- WORK TO BE COMPLETED -
Which lines below fall between the one containing "Illustration about 8-bit" and the one containing "Italian Pink Scavo"? Repeat them exactly, counting both of those lines, and add nothing else.

- SUPPLIED DATA -
* * * * * * *

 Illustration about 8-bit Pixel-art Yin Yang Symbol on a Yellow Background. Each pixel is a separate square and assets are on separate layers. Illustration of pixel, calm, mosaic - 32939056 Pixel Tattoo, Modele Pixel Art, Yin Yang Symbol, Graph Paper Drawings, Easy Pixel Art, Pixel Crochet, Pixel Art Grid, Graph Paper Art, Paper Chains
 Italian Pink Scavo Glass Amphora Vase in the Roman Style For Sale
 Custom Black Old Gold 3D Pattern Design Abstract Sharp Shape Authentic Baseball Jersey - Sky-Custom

* * * * * * *

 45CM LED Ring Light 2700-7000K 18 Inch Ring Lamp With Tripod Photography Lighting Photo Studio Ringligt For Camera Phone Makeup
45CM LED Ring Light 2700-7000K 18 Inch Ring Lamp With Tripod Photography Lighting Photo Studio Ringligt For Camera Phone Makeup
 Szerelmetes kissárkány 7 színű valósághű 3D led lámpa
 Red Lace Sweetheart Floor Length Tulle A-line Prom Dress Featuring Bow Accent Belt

* * * * * * *

- ANSWER AREA -
 Illustration about 8-bit Pixel-art Yin Yang Symbol on a Yellow Background. Each pixel is a separate square and assets are on separate layers. Illustration of pixel, calm, mosaic - 32939056 Pixel Tattoo, Modele Pixel Art, Yin Yang Symbol, Graph Paper Drawings, Easy Pixel Art, Pixel Crochet, Pixel Art Grid, Graph Paper Art, Paper Chains
 Italian Pink Scavo Glass Amphora Vase in the Roman Style For Sale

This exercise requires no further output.